---------- PROVIDED MATERIAL ----------
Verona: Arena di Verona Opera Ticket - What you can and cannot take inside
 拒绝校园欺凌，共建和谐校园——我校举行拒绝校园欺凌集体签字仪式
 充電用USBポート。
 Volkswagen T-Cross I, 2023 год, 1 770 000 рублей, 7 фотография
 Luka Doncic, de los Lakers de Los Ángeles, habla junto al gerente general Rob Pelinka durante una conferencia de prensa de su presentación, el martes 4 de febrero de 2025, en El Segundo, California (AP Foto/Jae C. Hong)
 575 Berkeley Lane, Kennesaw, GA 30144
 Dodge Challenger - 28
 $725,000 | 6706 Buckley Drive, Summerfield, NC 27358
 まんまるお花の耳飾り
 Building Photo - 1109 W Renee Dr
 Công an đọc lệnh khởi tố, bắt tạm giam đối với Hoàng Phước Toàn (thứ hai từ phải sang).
----------
PROBLEM DESCRIPTION » The line containing "Building Photo - 1109 W Renee Dr" and all lines after it, through the last line of the data, should be retyped exactly.

COMPLETED EXERCISE »
 Building Photo - 1109 W Renee Dr
 Công an đọc lệnh khởi tố, bắt tạm giam đối với Hoàng Phước Toàn (thứ hai từ phải sang).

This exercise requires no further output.